Les instructions d’Akbăr à ses gouverneurs et à ses receveurs généraux nous ont été conservées dans l’Aym-Akbăry, et montrent toute sa sollicitude pour l’application juste et libérale de son système, comme, en général, pour la sécurité et le bien-être de ses sujets. Aucune branche des revenus publics ne fut affermée sous son règne ; il enjoignit à ses receveurs généraux de traiter directement, autant que possible, avec les cultivateurs, et de ne pas s’en rapporter aveuglément au chef du village et au patwari. Les instructions d’Akbăr, rédigées avec un soin particulier par Abou’l-Fazl[1], sont bien dignes d’être étudiées et méditées par quiconque veut se faire une idée exacte de la capacité administrative de cet habile ministre, digne interprète d’un monarque juste et bienfaisant.
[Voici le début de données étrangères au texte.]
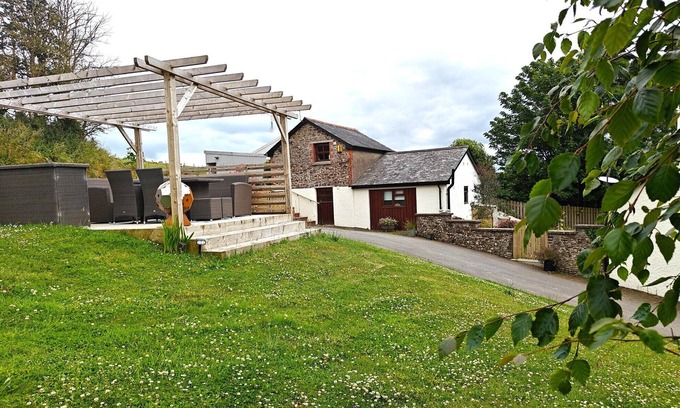 Littleham House | Otter Cottage at West Ashridge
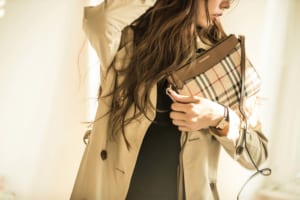 LP（ランディングページ）用、バッグ＆小物ファッション モデル レディース撮影の写真です。クライアントはAMAZING CIRCUSです。（1p-169）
Les convictions de l’empereur Akbăr en fait de gouvernement et les principes fondamentaux qu’il avait adoptés comme règles de sa conduite se déduisent de sa correspondance, du témoignage d’Abou’l-Fazl, et de celui des autres écrivains mahométans des XVIe et XVIIe siècles, du Dabistân en particulier. Pour Akbăr comme pour tous les princes de sa race, un roi est l’ombre de Dieu sur la terre ; de plus un souverain ne peut bien gouverner qu’en s’aidant des conseils de sages ministres, en se montrant soigneux de l’honneur et de la dignité des grandes familles, « L’empereur Akbăr, dit le Dabistân (IIIe volume, p. 136 et 137), écrivit tout un livre d’avis au roi de Perse, et ce livre est écrit de la main du shaikh Abou ’l-Fazl. Quelques préceptes de ce livre sont comme il suit : « Les grands parmi le peuple, qui sont dépositaires des divins secrets, doivent être considérés avec les yeux d’une admiration bienveillante et garder leur place dans nos cœurs. Le Créateur de l’univers leur a confié la direction du monde apparent, pour qu’ils veillent sur le bonheur des peuples sans négliger surtout l’honneur et la gloire des grandes familles. » Ce passage est remarquable. Soit qu’Akbăr eût été amené par ses propres réflexions à considérer le maintien des grandes familles et de leur influence comme on des principaux moyens de bon gouvernement, soit qu’il eût trouvé l’idée première de ce principe dans les anciennes

  1. Instructions for the officers. — Ayln-Akbăry, vol. Ier, p. 194 à 312.